[Crawled caption data]
************

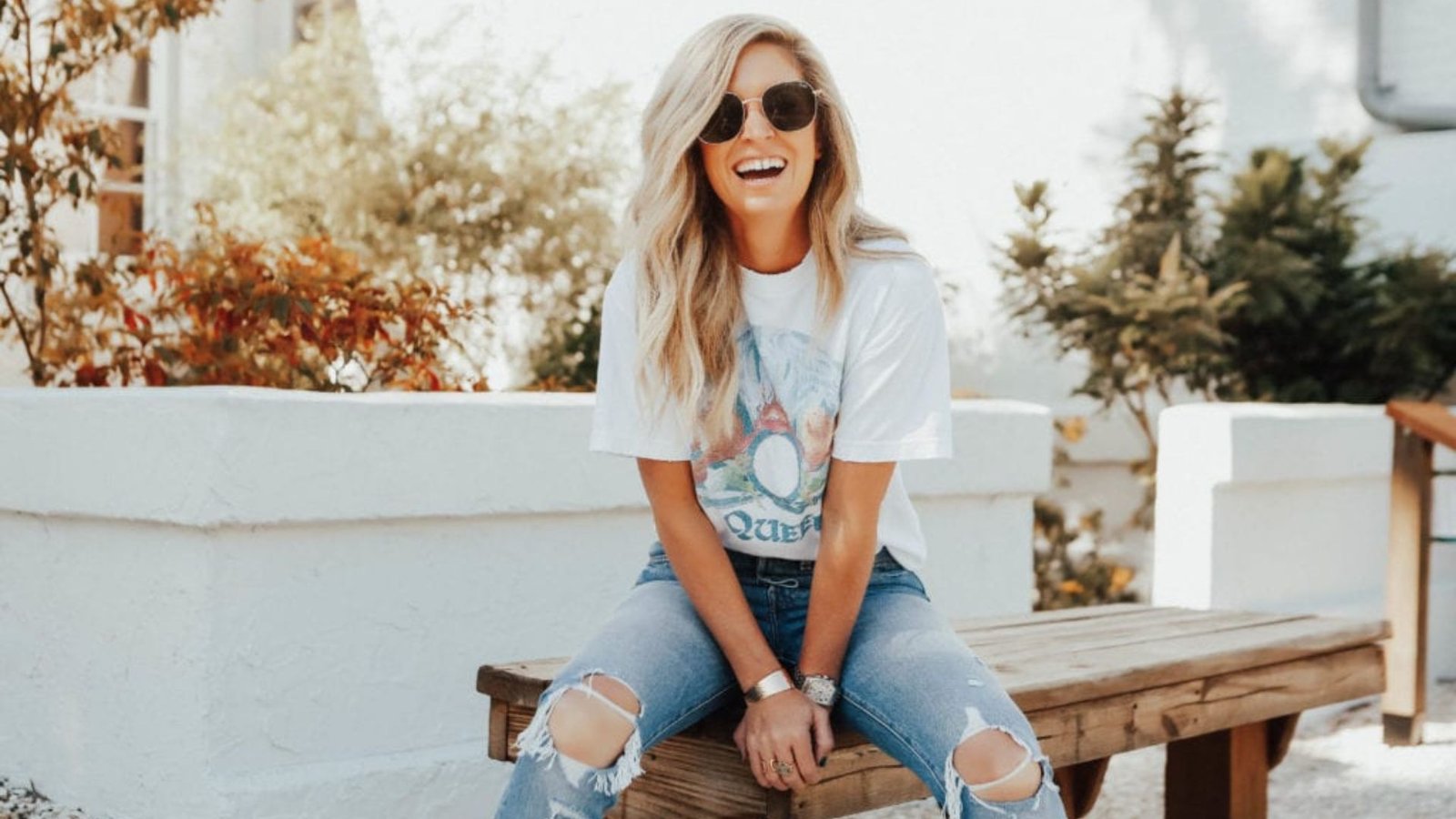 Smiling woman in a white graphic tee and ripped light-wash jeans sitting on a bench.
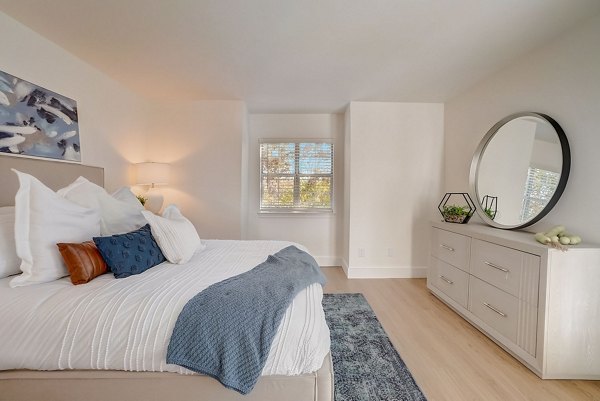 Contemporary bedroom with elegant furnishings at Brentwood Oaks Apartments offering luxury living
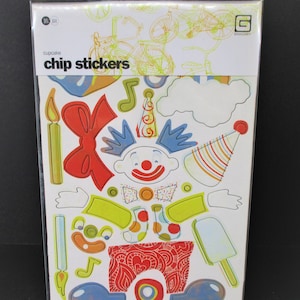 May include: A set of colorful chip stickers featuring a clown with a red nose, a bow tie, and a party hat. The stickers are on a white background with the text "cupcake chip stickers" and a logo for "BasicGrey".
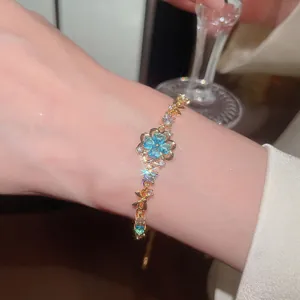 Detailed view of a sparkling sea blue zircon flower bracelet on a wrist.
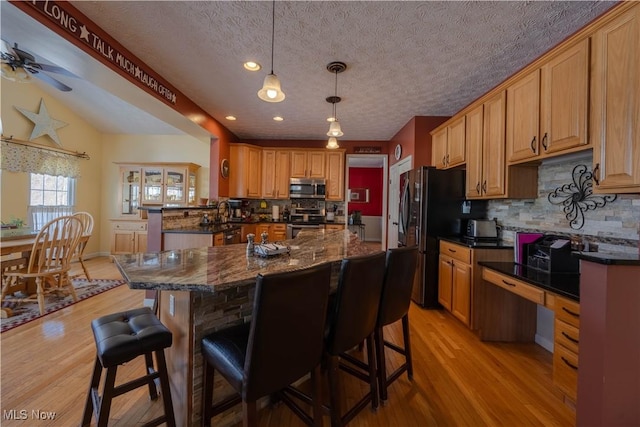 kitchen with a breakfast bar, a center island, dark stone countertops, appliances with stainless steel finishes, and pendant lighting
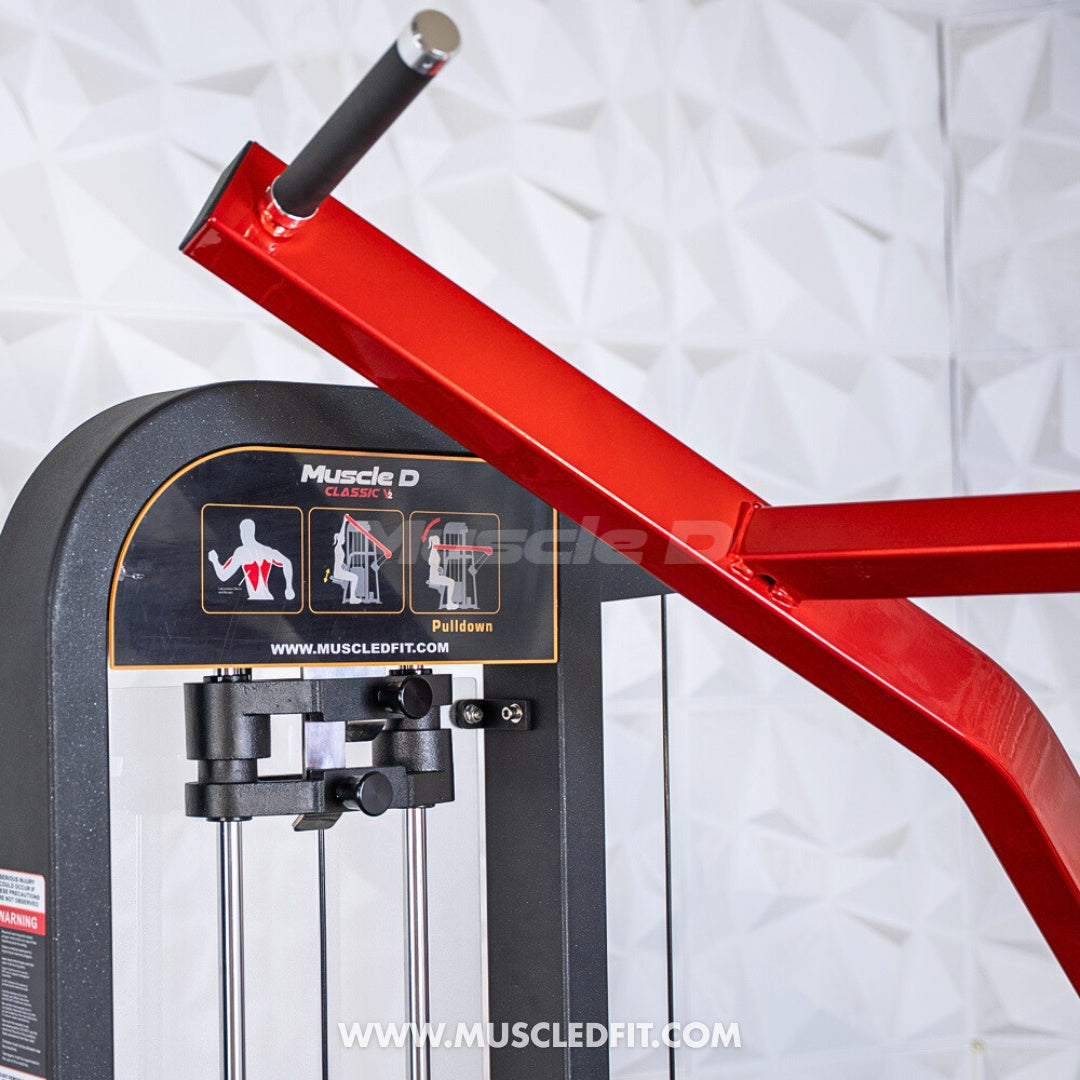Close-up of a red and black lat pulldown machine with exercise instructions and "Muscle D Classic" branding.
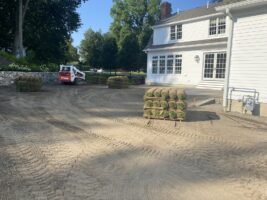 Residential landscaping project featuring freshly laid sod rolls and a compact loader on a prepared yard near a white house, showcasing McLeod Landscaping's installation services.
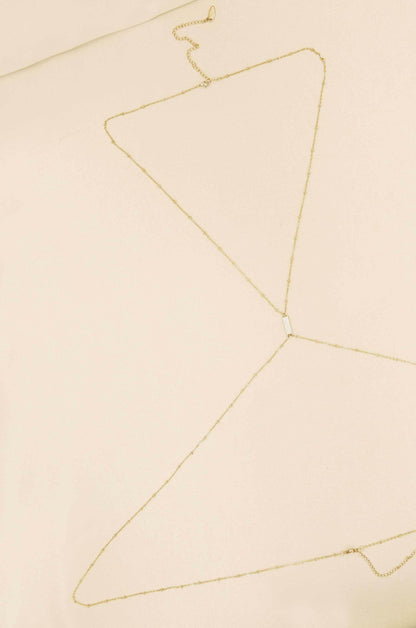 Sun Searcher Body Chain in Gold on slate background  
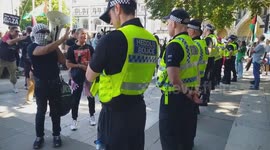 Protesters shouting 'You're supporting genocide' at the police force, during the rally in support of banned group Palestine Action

************

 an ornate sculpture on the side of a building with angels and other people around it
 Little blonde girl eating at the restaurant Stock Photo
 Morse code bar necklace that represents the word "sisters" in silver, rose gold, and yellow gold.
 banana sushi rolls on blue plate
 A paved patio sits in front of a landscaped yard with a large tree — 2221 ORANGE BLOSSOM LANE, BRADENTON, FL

************

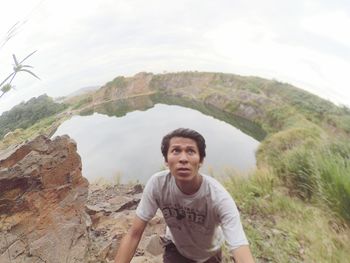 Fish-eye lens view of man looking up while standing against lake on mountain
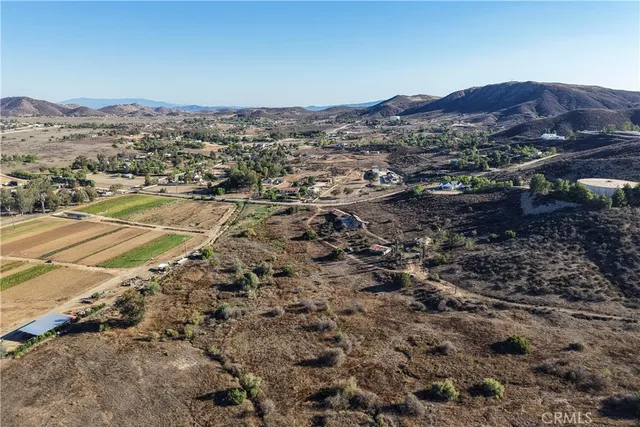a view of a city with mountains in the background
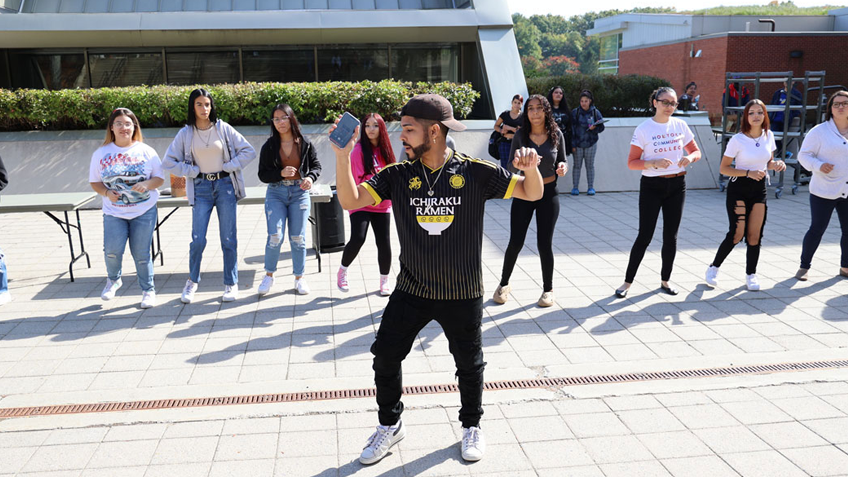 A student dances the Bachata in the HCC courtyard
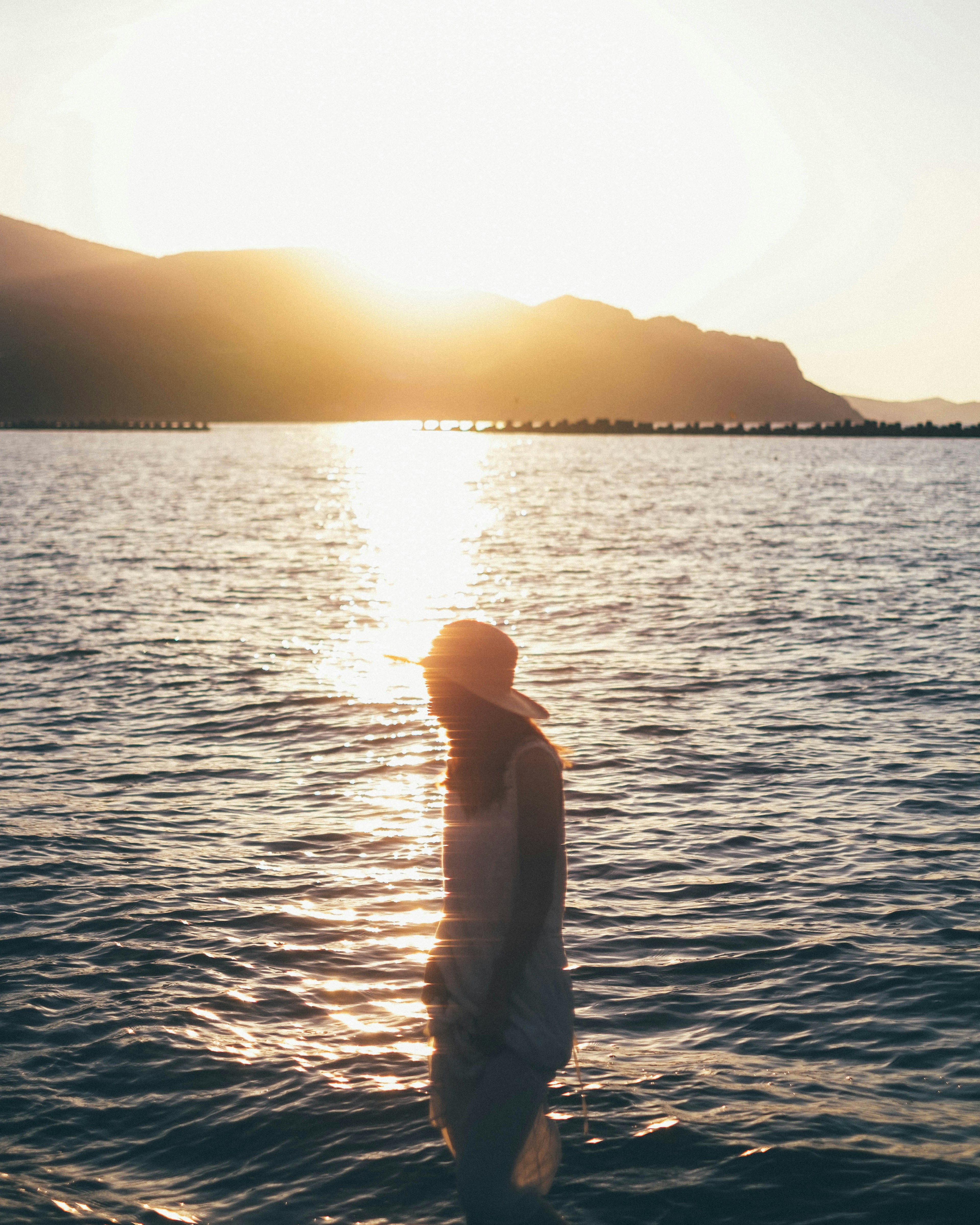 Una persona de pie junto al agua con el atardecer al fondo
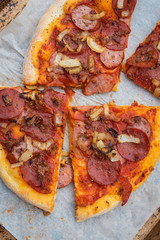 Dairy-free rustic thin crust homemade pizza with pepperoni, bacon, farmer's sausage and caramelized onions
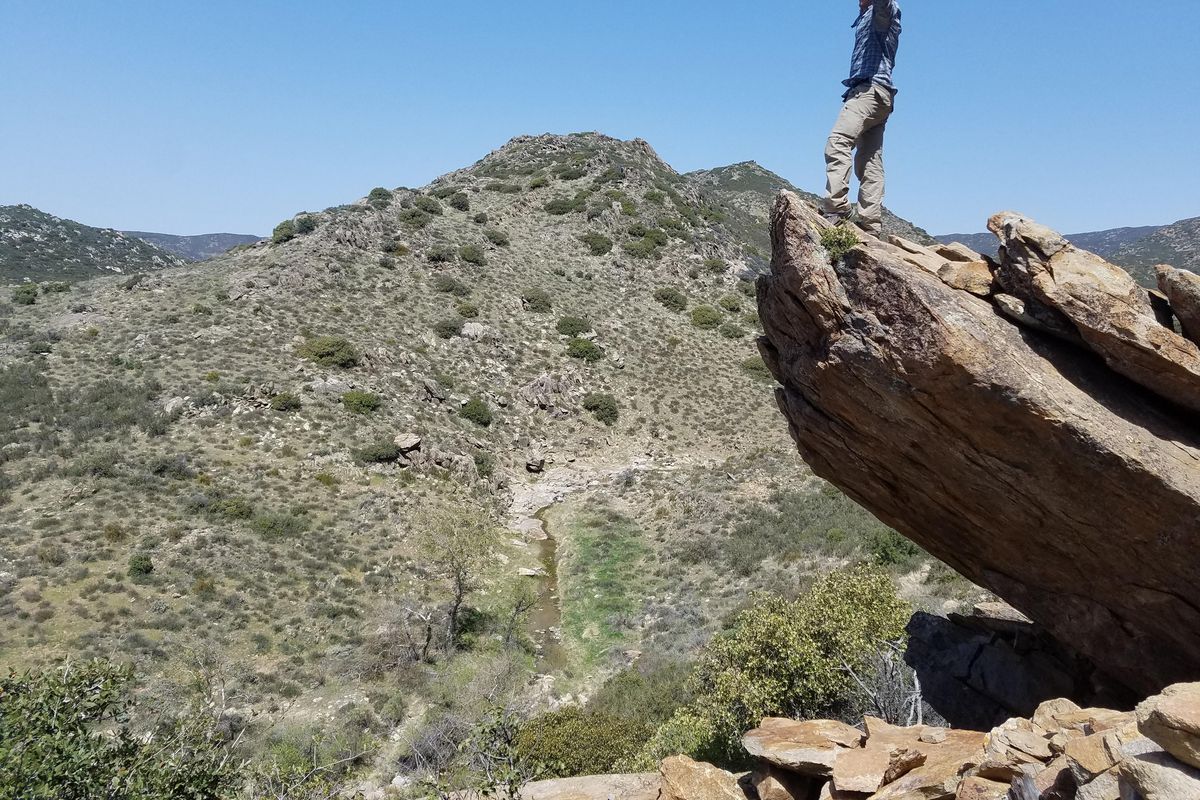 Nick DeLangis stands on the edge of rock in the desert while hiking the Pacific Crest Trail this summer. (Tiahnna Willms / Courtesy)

************

What to do:
Reproduce the lines above beginning at the line that contains "a view of a" and ending at the line that contains "Dairy-free rustic thin". No pictures.

Exercise result:
a view of a city with mountains in the background
 A student dances the Bachata in the HCC courtyard
 Una persona de pie junto al agua con el atardecer al fondo
 Dairy-free rustic thin crust homemade pizza with pepperoni, bacon, farmer's sausage and caramelized onions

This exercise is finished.